その内容は「あまりにも露骨で刺激的」(ホンダ首脳)だからだ。

 そのマンガでも、プリウスが採用する「ストロングHV」(フルHVともいわれる)とインサイトが採用する「マイルドHV」に見立てた2人乗り用自転車が登場。“エンジン役”と“モーター役”の人物も登場するが、その人物描写のストレートさには、寸劇以上のインパクトを感じる。

ストロングHVはエンジン役もモーター役も競技用自転車のレーサージャージを着た若くて筋骨隆々のたくましい男性。

 一方のマイルドHVは、チノパンにシャツ姿で眼鏡をかけた頼りないおじさんがエンジン役、そしてモーター役は「自分ひとりではまだ走れない」と言う「マイルドモーターちゃん」なる幼い男の子が務め、2人でペダルをごくという図式なのである。

 さらに極めつけは、マンガの最後、両者の違いを示すためのマイルドハイブリッドの説明画には、「EVドライブモードは選択できない」(モーターのみでは走行できない)という解説と共にバツ印まで付けられている。
ある首都圏のホンダディーラーの営業マンは怒りのあまりに、プリウスのカタログを引き裂いたという逸話もある。
 
 「あまりにもメッセージ性が強く、わかりやすい戦略。明らかにホンダはトヨタの“虎の尾”を踏んだということ」(別の業界関係者)。

 そもそもマイルドHVは、エンジンをモーターがアシストするシンプルな構造なため、小型で低コストなのが特徴だ。それが業界内でも「電動アシスト自動車」とも揶揄される所以である。ある業界関係者は「インサイトはプリウスとは車格がまったく異なる。
本来なら、住み分けが可能なはずだった」と語る。

 ところが、周知の通り、トヨタはプリウスの最低価格を205万円に設定し、併売する従来型プリウスは189万円とインサイトの最低価格と同価格まで、約40万円以上も引き下げた。インサイトとの価格差は、ほとんど遜色ないものになった。
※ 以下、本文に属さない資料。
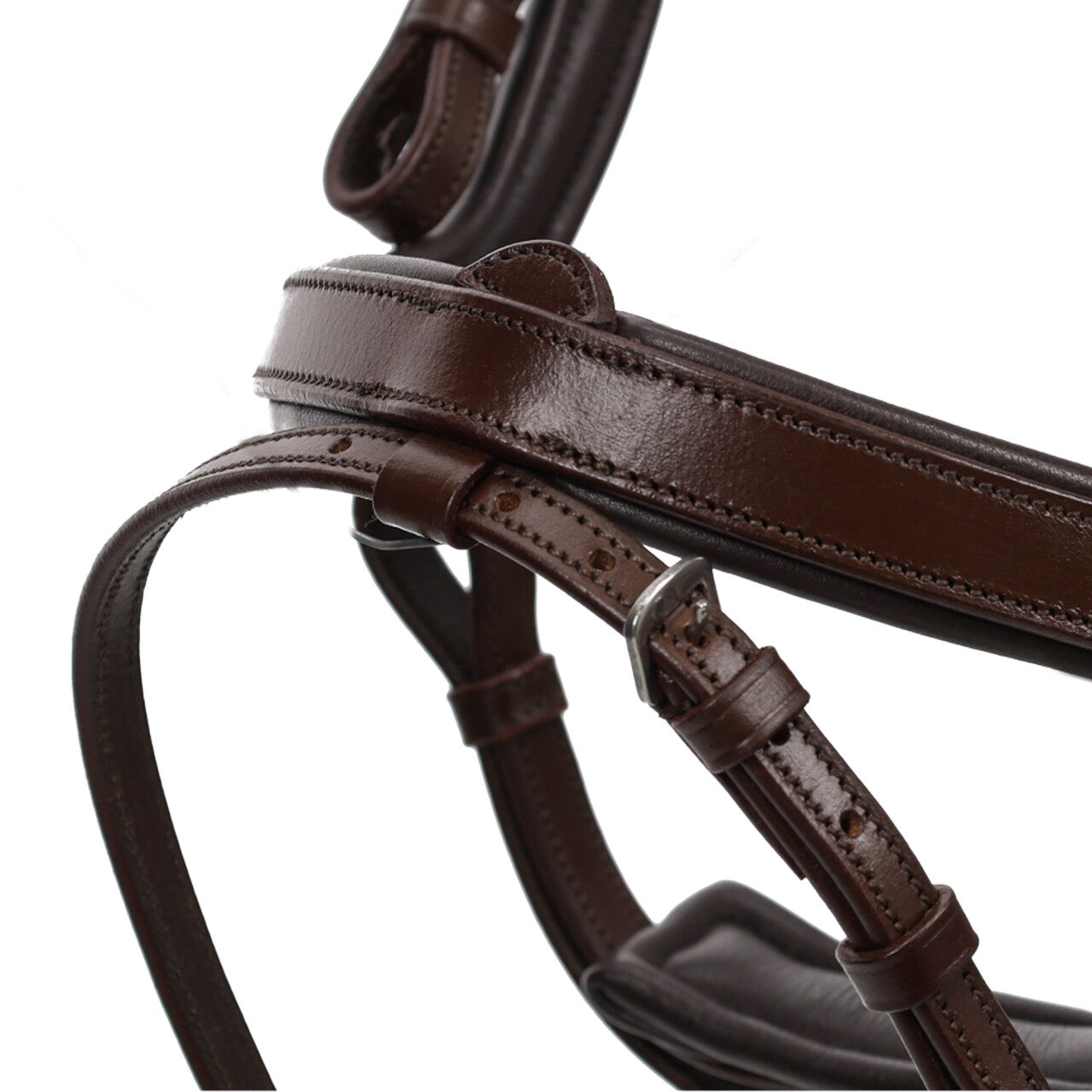 QHP Salerno Bridle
 本来、高いはずのクルマが安くなれば、売れるに決まっている。プリウスの先行予約は、18日の発売の時点で既に8万台を超え、すでに11万台を突破している。

 ある首都圏のトヨタディーラーでは、インサイトを自ら買い上げ、プリウスと比較試乗してもらうというと強気の営業イベントも行なった。
ある別のトヨタディーラーでは、「インサイトに乗った客が立て続けに、プリウスを見に来た」と興奮気味に語る。

 一方のホンダは、“寝耳に水”の事態。今後は開発中のHVを前倒しで投入するなど戦略を大幅に見直す考えだ。

 いずれにせよ、トヨタとホンダの“HV戦争”は当面、収まる様子はなく、「唯一、業界内で活気のある話題」とも言われているが、冷静に見つめてみれば「HVと小型車しか売れない」という薄利多売のゆがんだマーケットの形成は止まりそうもない。